We've traveled that way in Veneto, Sicily, Umbria, Trentino, Lombardy, Puglia, Basilicata, and last year also in Tuscany (I am aware that we are very fortunate to live that close to Italy and to be able to travel). I visited Tuscany once before, more than 10 years ago with my parents and loved watching the landscapes passing by through the bus window, Florence with its dense concentration of art and the small towns of Lucca, Siena and, San Gimignano. So many beautiful places in just one region! Last summer, when I bought two tickets for Yann Tiersen’s concert in Rome as a gift to Luka for his birthday, an opportunity stroke to visit Tuscany, as a two day stay on our way to Rome. We chose Pienza because I remember the town from my Renaissance Art classes at the University, as a model Renaissance town, but also because I read about nearby thermal springs and pretty thermal town of Bagno Vignoni in Frances Mayes’ Under the Tuscan Sun book (I've been traveling inspired by that book before as well- you can read about it here and here).
Pienza was not always Pienza during the course of history. Let me explain- until mid-15-th century it was a hilltop village of Corsignano, where future Pope Pius II was born in 1405 as Enea Silvio Piccolomini. When he became a Pope, he decided to redesign his native village into an ideal Renaissance town. The rebuilding began about 1459, done by Florentine architect Bernardo Rossellino- the two of them managed to redesign the center of the town erected around the trapezoidal main square. There stands the Cathedral (consecrated already in 1462 by Pope Pius II himself!), Palazzo Piccolomini (intended as a summer retreat for the Pope), Palazzo Vescovile (intended as a residence for bishops), a town hall (the Palazzo Comunale) and a travertine well (called Pozzo dei Cani, or “Well of the Dogs”, I still have to find out why?).
Unesco listed the historic center as a World Heritage Site, as a first town where Renaissance town-planning concepts were carried out and thanks to its “authenticity in terms of design, material, workmanship and setting” and a “significant role in subsequent urban development in Italy and beyond” (read the entire text here). The square and its buildings are all measured out proportions, Renaissance simplicity, and order. Due to the fact that Piccolomini family lived in their palace up until 1962, a lot of the original furnishing is still there- and the palace is open for visitors. On its southern side, it opens up with loggias on all three floors, followed by an enclosed Renaissance garden overlooking the Val d’Orcia valley and the Mount Amiata in the distance.
We came to Pienza around noon, just in time for lunch and then an afternoon passeggiata around the town (I love embracing that Italian custom when everyone dresses nicely and goes out for an evening stroll). Our B&B was a working farm just a couple of minutes walk from the center, yet very quiet, with a nice garden under the shade of a walnut tree.

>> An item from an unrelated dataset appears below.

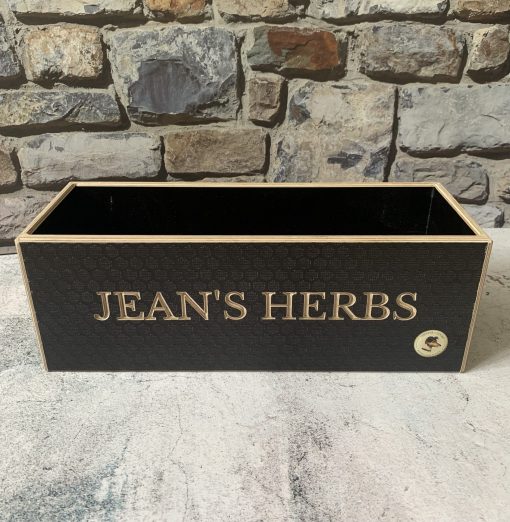 personalised engraved wooden herb planter box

Pienza is known for its sheep’s cheese, the pecorino, and there are a lot of shops selling it, and a lot of bars and restaurant offering it on its cheese plates. From what I’ve picked up from this region is that their cheese, cured meats and vegetables sott’olio (vegetables in oil, or literally under oil) game is very strong (that game is also very strong in Umbria and Sicily should you be interested).
We sat for a lunch at Buca di Enea (Enea’s hole, Pope Pius II still reigns in these parts), a tiny place that you could really call a hole in the wall. It has a counter, no kitchen I think (everything was prepared behind the counter), and about three tables. We ordered a plate of cured meats and local cheese- my favorite one was Pecorino Rosso, whose red, slightly spicy crust is made with tomato paste. Once again, we were convinced that no one does the thinly sliced prosciutto and ham quite as the Italians do.
Later in the afternoon, we took a walk around the town- it being pretty small, there is no rush, and you can slowly enjoy the flower pots in front of the doors, narrow passages, and truly spectacular views of Val d’Orcia from the promenade above the town walls. The undulating landscapes, colored in brown, green and yellowish patches of farmland, fortified towns on top of the hills, the roads lined with cypresses and the fields separated by dark green hedges, are the real version of Tuscany everyone knows from the postcards. The landscape of Val d’Orcia is so spectacular that Unesco listed it in its World Heritage List, as an example of “well-managed Renaissance agricultural landscape”.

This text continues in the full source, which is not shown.